Stage 2 — Ad-hoc scripts. A bash script lives in ~/scripts/check-services.sh. It runs when you remember to run it. Better than nothing, but still reactive.
Stage 3 — Scheduled crons. The script runs on a timer — nightly, or after every deployment. Findings land in a log file or Discord channel. This catches drift within hours rather than days.
Stage 4 — Skill-based automation with remediation guardrails. An agent dispatches parallel probes to every machine, synthesizes findings with severity tiers, posts structured reports, and offers (but does not automatically execute) remediation for high-risk services. This is what the deployment-sync skill implements.
What to Detect: The Drift Surface Area
A complete drift detection system monitors across five categories. Miss any one and you have a blind spot.
1. Git Drift
Is the running code behind main? By how many commits? Which files changed?
Detection method: compare the running service's git SHA (from /health endpoint, see Lesson 240) against git rev-parse HEAD on the main branch of the canonical repository.
2. Docker Image Age
When was the running Docker image built? Is it based on a commit that has since been superseded?
Detection method: docker inspect <container> | grep Created. Compare against the last successful CI build timestamp.
3. Permission and Configuration Anomalies
Are any service files world-writable? Are config files readable by the wrong user? Are secrets files accidentally set to 644 instead of 600?
Detection method: find /app -type f -perm /o+w inside each container. Flag deviations from expected permission posture.

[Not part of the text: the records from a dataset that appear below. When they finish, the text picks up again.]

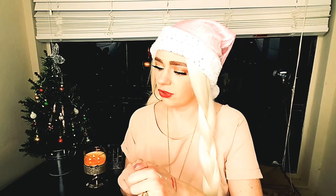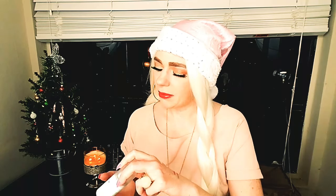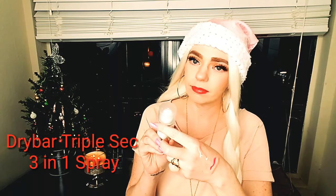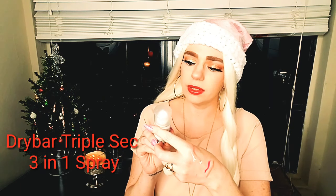The next product is the Dry Bar Triple Sec Three-in-One spray. This airy spray revives lifeless strands, adds volume and body to your style, and extends your blowout. You spray four to six inches from dry hair. I have tried this before and I do really like it — I love Dry Bar as a brand in general. I have a few of their products and I love them all.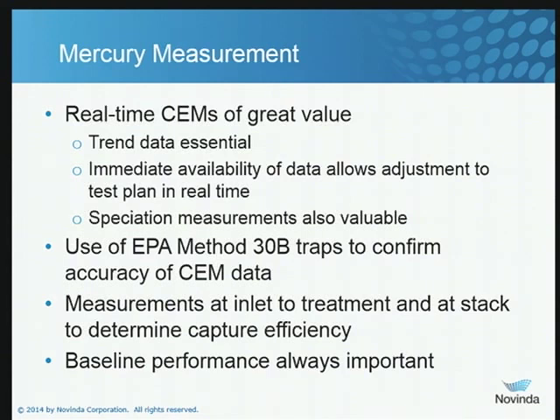Mercury measurements — as I have previously mentioned, real-time SEMS are something I'm a real believer in. There are a number of vendors that do a great job. They'll bring the system in, make sure it's calibrated, and keep it well maintained during a trial so you get quality data. The trend data is important and very useful. A SEMS gives us immediate feedback — real-time data. You can sit there and see if a condition is going to meet MATS or not. If it's not, you may do some tweaking to your test matrix in real time. For example, if two pounds per million ACF is not sufficient but four pounds per million ACF gets you down to half a pound per trillion BTU, you may go back and run a case at two and a half or three pounds per million ACF to see where that curve fits on an interpolation basis.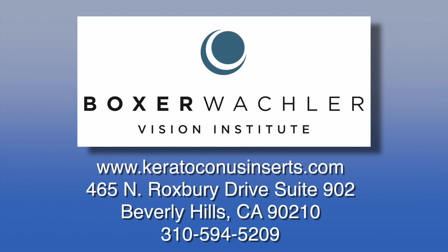We test everybody for keratoconus that comes in, even people that have no vision complaints, as we always do a cornea topography or cornea mapping. It's a quick test, it's non-invasive, and it probably takes about 10 seconds to do. But because of that, we can learn a lot of information.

4. Zombie and Duplicate Processes
Are any services running multiple instances? Are there orphaned processes from previous sessions?
Detection method: pgrep -c <service-name> — a count greater than 1 is a duplicate. Cross-reference against known PIDs in lockfiles.

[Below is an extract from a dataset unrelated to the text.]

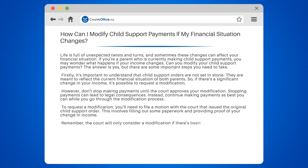Remember, the court will only consider a modification if there's been a significant change in circumstances. This could be a job loss, a decrease in income, or an increase in the cost of living.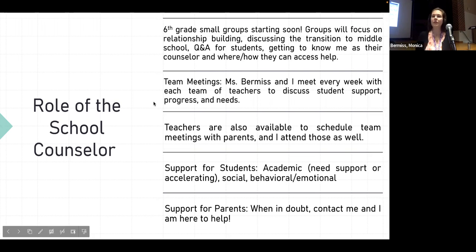Ms. Bermese and I meet with teams of teachers every week to talk about student support, progress, and needs. The teachers are also available during those team meeting times to meet with you if you want an update or overview of how your child is doing, or if you're seeing an issue with a particular class. You can contact me or the team teachers to set that up.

5. Failed and Degraded Services
Are launchd jobs in a failed state? Are health endpoints returning non-200?
Detection method: launchctl list | grep com.knox to check job status. Health endpoint polling for HTTP 200.
Architecture: The Four-Phase Model
A drift detection system has four phases. Each feeds the next.

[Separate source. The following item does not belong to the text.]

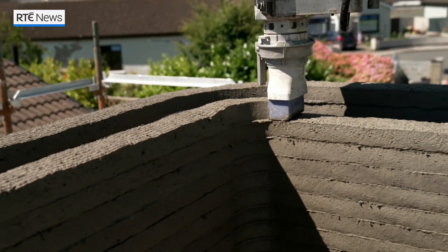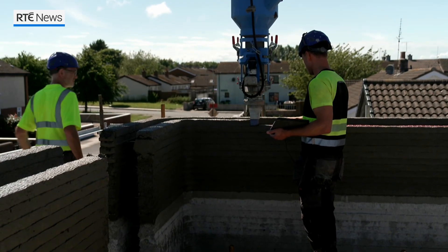This is really exciting, building a 3D concrete house. It's just like something out of space. Layer by layer, these are Ireland's very first 3D concrete printed houses.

Inventory → Probes → Comparison → Alerting → [Optional Remediation]
— The known state. A manifest of every service, where it runs, what version it should be, and what its health endpoint URL is. This is your ground truth. Without it, you cannot define "drift."
— Active queries against each machine and service. SSH commands, HTTP health checks, docker inspect calls. Probes gather the actual current state.
— Diff the inventory against the probe results. Every deviation is a finding. Each finding gets a severity tier: CRITICAL (trading service, immediate action), HIGH (data service, urgent), LOW (informational, non-urgent).
— Deliver findings to the operator with enough context to act. Not just "drift detected" but "akashic-records on knox-mac-mini is running commit a3f8c21 (2026-03-27), main is b9d1e44 (2026-03-29). 4 commits behind. Last changed: indexer.py — reindex logic updated."
The deployment-sync Skill: Real Implementation
After the March 29 incident, the deployment-sync skill was built to automate this process. It dispatches parallel audit agents to Mac Mini and Tesseract, gathers their state reports, and synthesizes a drift report.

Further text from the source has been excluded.